Il soutient que son engagement de caution lui est inopposable en application de l'article L 332-1 du code de la consommation en raison de son caractère manifestement disproportionné à ses biens et revenus puisqu'il a déclaré au titre de l'année 2011 un revenu de 25.200 euros et que la valeur de son patrimoine immobilier de 500.000 euros n'était qu'une estimation prévisible après achèvement des travaux, ce que ne pouvait pas ignorer la banque dès lors que c'est à sa demande qu'il a mentionné cette valeur. Il reproche à la banque, qui selon lui aurait dû vérifier les indications portées sur la fiche de renseignements au regard du caractère apparemment anormal de la valeur déclarée de l'immeuble, de ne lui avoir réclamé aucun justificatif du prêt de 50.000 euros souscrit auprès du Crédit Agricole ni aucune information complémentaire sur la valeur déclarée de l'immeuble et plus largement sur sa situation juridique ce qui l'aurait conduit à le dissuader de s'engager. Il indique que l'immeuble, non achevé, a été estimé en février 2011 dans le cadre de la procédure de divorce à la somme de 100.000 euros et souligne que la fiche de renseignements que lui a fait remplir la banque ne permettait pas de préciser qu'il était en cours de divorce. Il fait valoir que son endettement global, qui était connu de la banque, incluant son engagement de caution de 96.000 euros, s'élevait à la somme de 456.000 euros en tenant compte des encours des prêts consentis par la BNP PARIBAS à la SCI Y... père et fils dont il était associé et cogérant et indéfiniment responsable pour 170.000 euros, 26.000 euros et 80.000 euros, du solde de 35.039,74 euros d'un prêt contracté par la société CMC dont il était caution et du prêt immobilier de 50.000 euros, ce qui établit, en tout état de cause, le caractère manifestement disproportionné de son engagement de caution même à tenir compte des informations erronées contenues dans la fiche de renseignements.

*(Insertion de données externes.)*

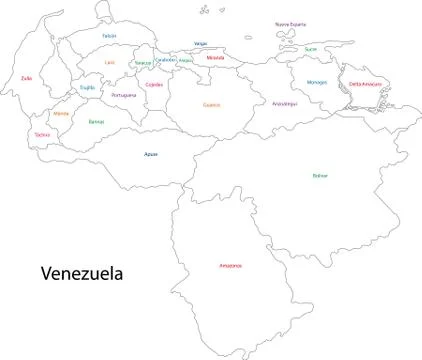 Contour venezuela map Stock Illustration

Il affirme qu'à la date à laquelle il est appelé son patrimoine ne lui permet pas de faire face à son engagement.

Il fait valoir subsidiairement que la banque ne rapporte pas la preuve qui lui incombe qu'elle a satisfait à l'obligation d'information annuelle édictée par l'article L 333-2 du code de la consommation et qu'elle l'a informé de la défaillance du débiteur principal dès le premier incident de paiement comme l'exige l'article L 333-1 du même code, de sorte qu'elle est déchue de son droit à intérêts.

Arguant de sa bonne foi et de la précarité de sa situation financière, il s'estime fondé plus subsidiairement à solliciter un report de deux ans des sommes dues.

La BNP qui sollicite la confirmation de la décision dont appel et réclame une somme de 5.000 euros pour frais de procédure, demande subsidiairement à la cour de dire que la somme de 11.319,22 euros portera intérêts au taux légal à compter du 9 décembre 2014.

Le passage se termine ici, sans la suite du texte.